_TASK INSTRUCTIONS:_
After locating the line with "Tablón de anuncios", reproduce that line and every one following it exactly, up to the end of the entries.
━━━ DATA TO USE ━━━
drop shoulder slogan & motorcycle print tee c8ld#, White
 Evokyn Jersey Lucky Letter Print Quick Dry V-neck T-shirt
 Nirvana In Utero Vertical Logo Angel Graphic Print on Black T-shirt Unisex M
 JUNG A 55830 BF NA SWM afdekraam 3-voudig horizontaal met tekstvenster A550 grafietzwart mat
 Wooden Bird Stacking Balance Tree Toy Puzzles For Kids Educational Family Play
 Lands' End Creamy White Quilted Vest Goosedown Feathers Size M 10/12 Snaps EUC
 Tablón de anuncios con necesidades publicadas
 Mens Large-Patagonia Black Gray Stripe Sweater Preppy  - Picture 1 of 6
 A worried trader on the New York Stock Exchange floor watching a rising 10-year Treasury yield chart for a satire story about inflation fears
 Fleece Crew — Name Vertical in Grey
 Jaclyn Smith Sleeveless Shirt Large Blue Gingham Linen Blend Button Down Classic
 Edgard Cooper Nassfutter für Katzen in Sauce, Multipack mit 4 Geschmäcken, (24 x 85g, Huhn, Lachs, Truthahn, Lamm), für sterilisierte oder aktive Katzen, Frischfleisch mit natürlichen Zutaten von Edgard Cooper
━━━
_ANSWER BELOW:_
 Tablón de anuncios con necesidades publicadas
 Mens Large-Patagonia Black Gray Stripe Sweater Preppy  - Picture 1 of 6
 A worried trader on the New York Stock Exchange floor watching a rising 10-year Treasury yield chart for a satire story about inflation fears
 Fleece Crew — Name Vertical in Grey
 Jaclyn Smith Sleeveless Shirt Large Blue Gingham Linen Blend Button Down Classic
 Edgard Cooper Nassfutter für Katzen in Sauce, Multipack mit 4 Geschmäcken, (24 x 85g, Huhn, Lachs, Truthahn, Lamm), für sterilisierte oder aktive Katzen, Frischfleisch mit natürlichen Zutaten von Edgard Cooper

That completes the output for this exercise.